> Work instruction: Only the lines from the one containing "A small bathroom" through the final line below belong in the output, copied exactly and without pictures.

> Data for analysis:
+--

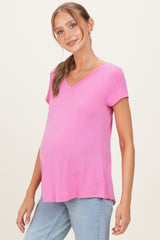 woman wearing a pink short sleeve maternity top with a v-neck and a visible baby bump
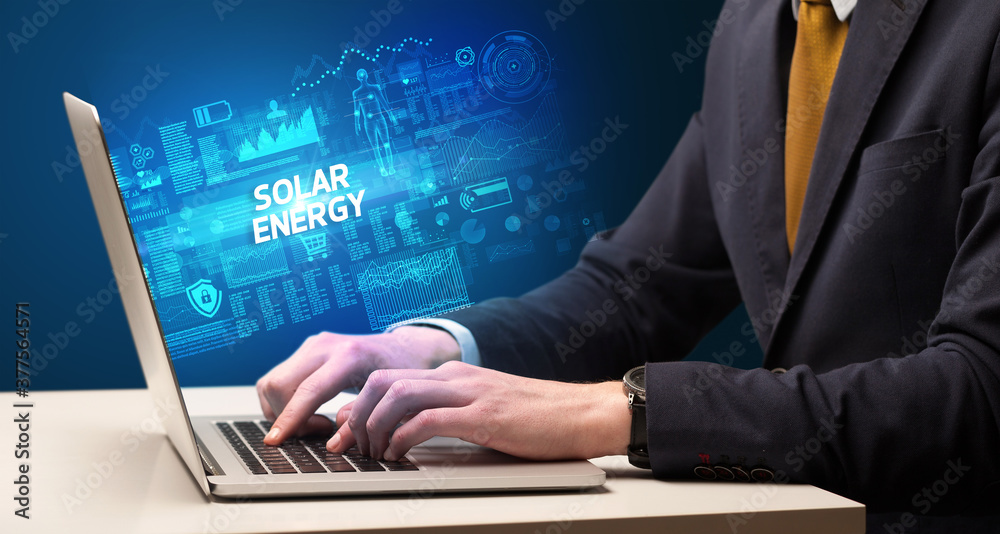 Businessman working on laptop with SOLAR ENERGY inscription, cyber technology concept Businessman working on laptop with SOLAR ENERGY inscription, cyber technology concept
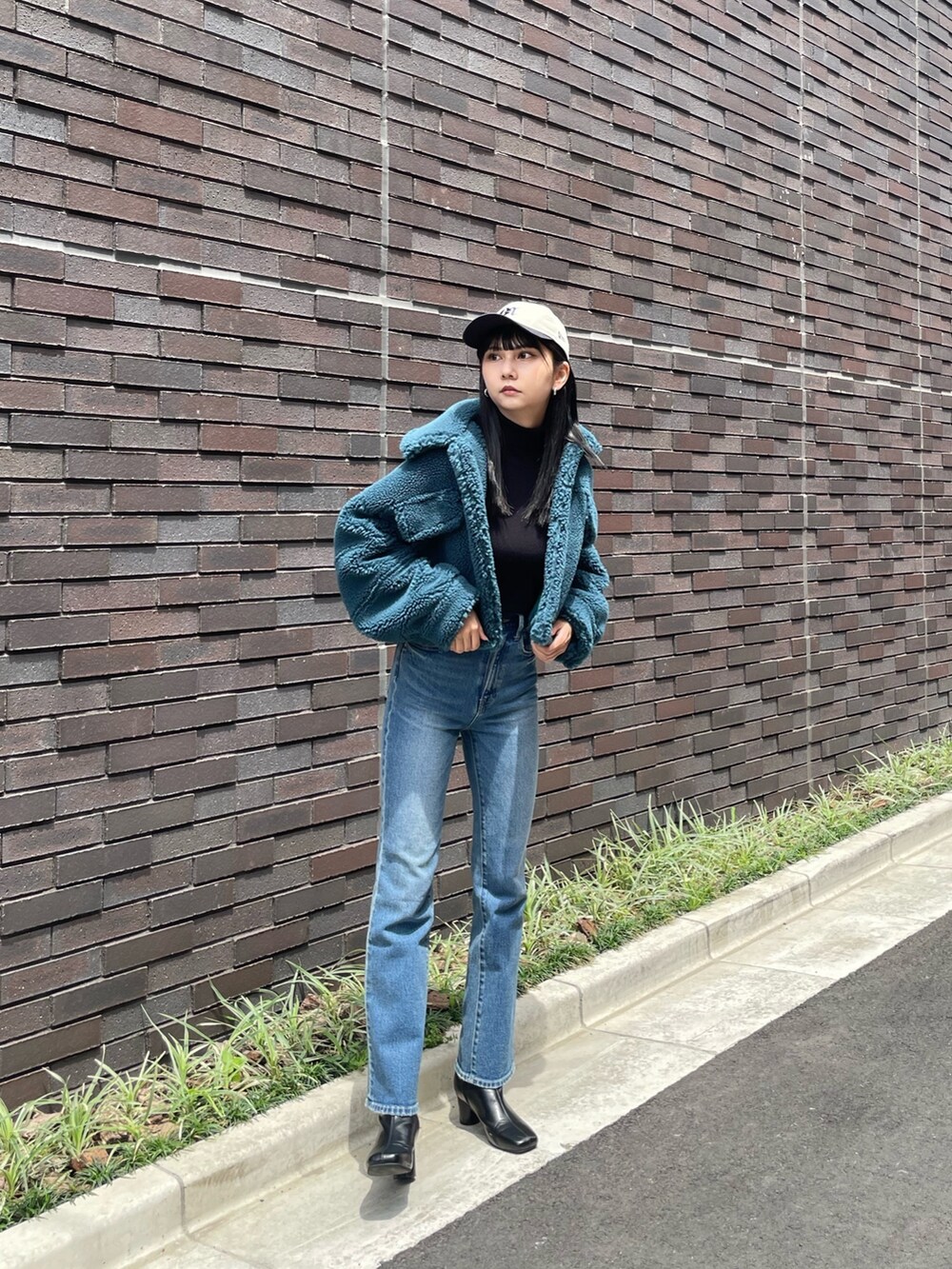 ブルー系のデニムパンツ、ブラック系のブーツ、ブルー系のブルゾンを着用したレディースの秋コーディネートの2枚目の写真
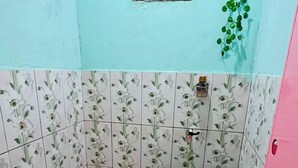 A small bathroom with a toilet, a trash bin, and a small window. - Bintang Sawarna 2 By ARBA (Bayah)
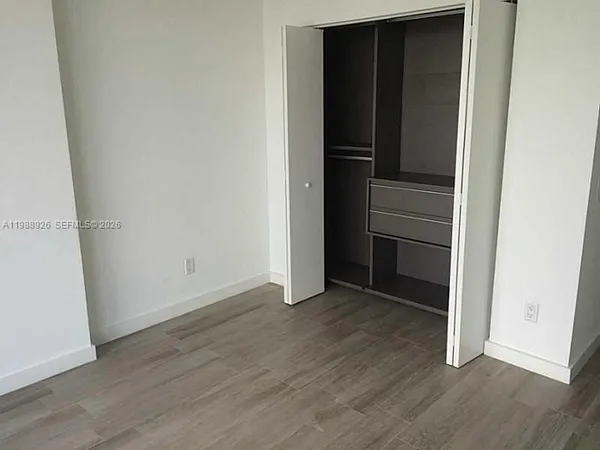 an empty room with wooden floor and closet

+--

> Solution for this task:
 A small bathroom with a toilet, a trash bin, and a small window. - Bintang Sawarna 2 By ARBA (Bayah)
 an empty room with wooden floor and closet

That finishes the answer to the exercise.